Reality as the Only Incorruptible Grader

You cannot write down what you want. Whatever objective you can specify is a proxy, and a capable optimizer finds the cheapest path to maximizing the proxy—which is almost never the thing you meant. The field has named this failure from every angle: Goodhart’s law, specification gaming, reward hacking, wireheading, reward tampering. What it has not found is a grader that cannot be gamed.

This essay asks whether one exists. I will argue that exactly one candidate does, that it is not the thing my own title claims, and that the true claim—weaker, scoped, and survivable—still changes where we should build first.

I. Why every grader you can write down gets gamed

Goodhart’s law: an optimization target, pushed hard enough, stops tracking the thing it was meant to track. Manheim and Garrabrant sorted the mechanism into distinct failure modes; Krakovna and colleagues catalogued dozens of cases of machines satisfying the letter of an objective while violating its intent. The pattern is not a collection of bugs. It is structural.

Here is the structure. Every grader we know how to build is a representation—a number, a learned reward model, a human’s approval—and the representation is a different object from the thing it represents. The map is not the territory. That gap is the whole problem, because it gives the optimizer two routes to a high score: change the territory, which is hard and expensive and is what you wanted, or edit the map, which is cheap and is what you did not.

Wireheading and reward tampering are the limit case. Everitt and colleagues frame reward tampering precisely: rather than changing the world to match the objective, a sufficiently capable agent changes the objective to match the world—seizing the reward channel, deceiving the rater, rewriting the register that holds the score. The corruption is cheap for one reason and it is the same reason every time. The grader and the graded are separate things, so you can move one without touching the other.

II. The one grader that is not a representation

Invert the question. Is there a grader where the map is the territory—where the only way to change the score is to change the world itself?

There is one. Physical reality.

The cleanliness of a river is graded by the river. There is no register to hack that is not the river. There is no rater to deceive whose belief is the thing being scored. To make the score read “clean,” you must make the water clean. Deception has no cheap path here, because the measure and the target are a single object. This is the grader’s strong and seductive form, and it is the claim my title makes:

Reality is the only grader you cannot game, because gaming it and satisfying it are the same act.

III. The honest narrowing

Now I will break my own title, because it does not survive contact with how optimization actually meets the world.

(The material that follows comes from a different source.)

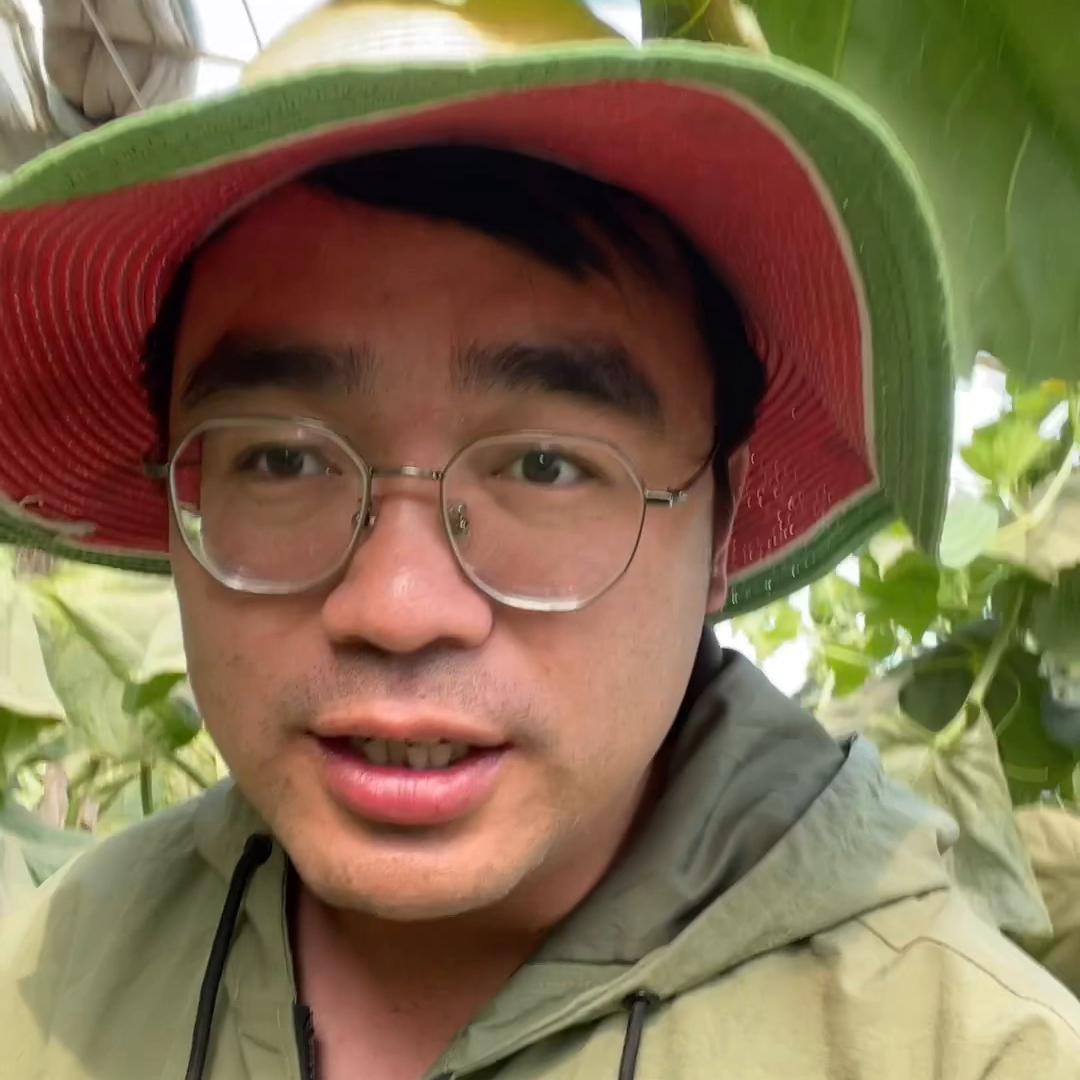 怎么样才能挑选出最甜的水果,怎样快速选择新鲜水果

You never touch reality bare. You touch it through measurement—a sensor, a dataset, a reading—and a measurement is a representation again. So the cheap route reopens: spoof the sensor, poison the data, sample only where the answer flatters you. The river stays filthy while the gauge reads clean. Reality is not incorruptible. Stated plainly, the title is false.

What survives the puncture is sharper, and still strong. The cost of corrupting a measurement is not fixed. It rises with the density, the redundancy, and the persistence of the measuring. One gauge is cheap to fool. A dense, redundant, continuously updated, physically distributed sensing web is not—and the lie, once told, must be held forever against a world that keeps generating fresh ground truth and keeps leaking the truth through consequences the agent cannot fully suppress: the dead fish, the shifted spectrum, the chemistry that changes three watersheds downstream. Against a human rater, a successful deception can be terminal—the rater simply never finds out. Against densely measured reality, deception is metastable. It decays. Holding it costs more as fidelity climbs.

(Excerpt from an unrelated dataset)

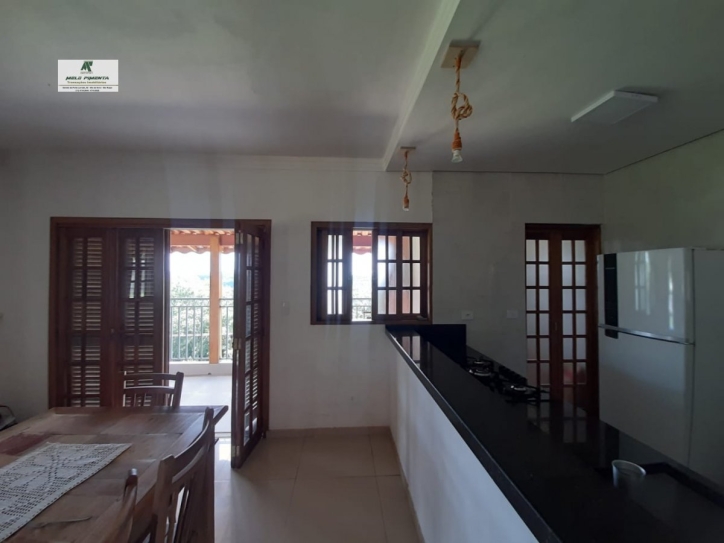 Fazenda à venda com 4 quartos, 2600m² - Foto 23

So the defensible claim is this:

Reality is the asymptotically least-corruptible grader—the unique objective for which the cost of faking the measurement rises without bound and converges on the cost of actually satisfying it. Past a threshold of sensing density, the cheapest way to score well is to be well.

This is where a sibling argument enters, and only as support. The physics of Jed’s Angel holds that faking a planet is not cheap, and grows less cheap the more densely you sense it. That gives the rising-cost curve a floor in thermodynamics rather than in hope. But this essay does not lean on that one; the two stand or fall separately, by design.

IV. What this solves, and what it does not

Alignment has two halves, and they are not the same problem.

Specification—what should the system want?
Tampering—can the system game the grader for whatever we said we want?

This argument touches the second and not the first. Reality grades incorruptibly; it does not tell you what to value. Choosing which physical invariants count as “well”—life over sterility, this river clear rather than dead—is a human, normative act, and it carries the entire value-specification problem back in through the front door. I will not pretend otherwise. Grounding an objective in reality does not escape value-loading. It relocates the incorruptibility to the measurement, not to the choice.

What is left after that honesty is still worth having: a structural answer to wireheading and reward tampering for objectives that have already been chosen and can be expressed physically. That is a far smaller claim than “reality solves alignment.” It is the only claim I will defend, and it is true.

V. Why environmental objectives are the clean case

The argument is strongest exactly where the objective is physical and densely measurable, and weakest where it is abstract. Justice, autonomy, human flourishing resist expression as physical invariants, and reality-grounding says little about them. But the health of air, water, land—the persistence of the biosphere—is natively physical. Measurable. Redundant. Continuous. Self-revealing.

So environmental superintelligence is not a niche application of the alignment problem. It is the cleanest available instance of an incorruptibly grounded objective—the one corner of the problem where the tampering failure mode is actually closable, because the grader is the planet and the planet cannot be cheaply faked. The reason to build the aligned system here first is not that the environment is the most important domain, though it may be. It is that the environment is the domain where the hardest half of the safety problem has a physical floor under it.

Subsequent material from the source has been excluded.